Within it, a step is to connect to the worker and do a pip freeze
, and this is problematic because when I try to do :
kubectl exec -itn composer-1-7-5-airflow-1-10-2-2d974007 airflow-worker-6cdfc68fd4-4k4jm -- /bin/bash
I get :
Defaulting container name to airflow-worker.
Use 'kubectl describe pod/airflow-worker-6cdfc68fd4-4k4jm -n composer-1-7-5-airflow-1-10-2-2d974007' to see all of the containers in this pod.
error: unable to upgrade connection: container not found ("airflow-worker")
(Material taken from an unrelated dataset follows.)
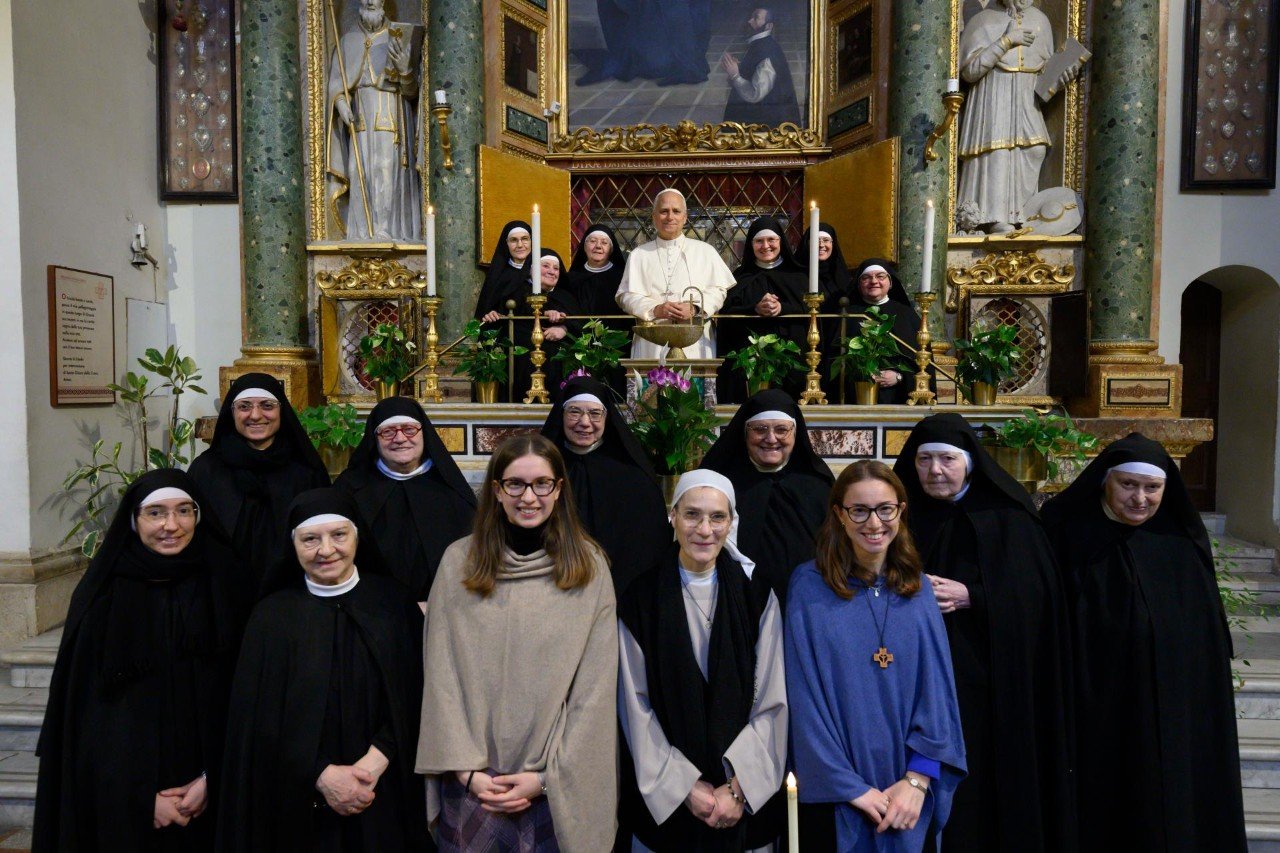 Papież u augustianek w Montefalco: człowiek który przynosi pokój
Here's a result of kubectl get pods --all-namespaces
NAMESPACE NAME READY STATUS RESTARTS AGE
composer-1-7-5-airflow-1-10-2-2d974007 airflow-scheduler-574bcfbd47-gqnkp 1/2 CrashLoopBackOff 234 19h
composer-1-7-5-airflow-1-10-2-2d974007 airflow-worker-6cdfc68fd4-4k4jm 1/2 CrashLoopBackOff 233 19h
composer-1-7-5-airflow-1-10-2-2d974007 airflow-worker-6cdfc68fd4-fwz5h 1/2 CrashLoopBackOff 232 19h
composer-1-7-5-airflow-1-10-2-2d974007 airflow-worker-6cdfc68fd4-vl25g 1/2 CrashLoopBackOff 233 19h
composer-1-7-5-airflow-1-10-2-2d974007 airflow-worker-75ff8dbb56-qxc7j 0/2 Evicted 0 21d
default airflow-monitoring-5bd5f64896-g6q8v 1/1 Running 0 21d
default airflow-redis-0 1/1 Running 0 21d
default airflow-sqlproxy-577bbc7577-mxv5p 1/1 Running 0 21d
default composer-agent-7c388f77-840c-40c8-be09-66303d721742-xxqlf 0/1 Completed 0 66m
default composer-agent-9fd51464-6ed2-4f3d-9714-762ea723cb61-5lc2s 0/1 Completed 0 19h
default composer-fluentd-daemon-gm7vr 1/1 Running 0 21d
default composer-fluentd-daemon-srw2h 1/1 Running 4 21d
default composer-fluentd-daemon-swzgc 1/1 Running 0 21d
kube-system heapster-gke-7b4f99dd5f-8d2fx 3/3 Running 0 21d
kube-system kube-dns-5995c95f64-7hn2s 4/4 Running 0 21d
kube-system kube-dns-5995c95f64-dwlfv 4/4 Running 0 21d
kube-system kube-dns-autoscaler-8687c64fc-fpvm9 1/1 Running 0 21d
kube-system kube-proxy-gke-europe-west1-pipelin-default-pool-a8d0baad-7zcs 1/1 Running 0 21d
kube-system kube-proxy-gke-europe-west1-pipelin-default-pool-a8d0baad-h2u4 1/1 Running 0 21d
kube-system kube-proxy-gke-europe-west1-pipelin-default-pool-a8d0baad-i3kz 1/1 Running 1 7d20h
kube-system l7-default-backend-fd59995cd-hkk6z 1/1 Running 0 21d
kube-system metrics-server-v0.3.1-5c6fbf777-27hgk 2/2 Running 0 21CrashLoopBackOff
kube-system prometheus-to-sd-5z9sw 2/2 Running 0 21d
kube-system prometheus-to-sd-8dsr8 2/2 Running 2 21d
kube-system prometheus-to-sd-f55cl 2/2 Running 0 21d
A little googling around shows me that CrashLoopBackOff
errors could be hard to diagnose/resolve in Kubernetes. Since I'm hardly any familiar with this technology, I solicit your help on this matter.
If you can help, it would be great to get as many details as possible. Thank you.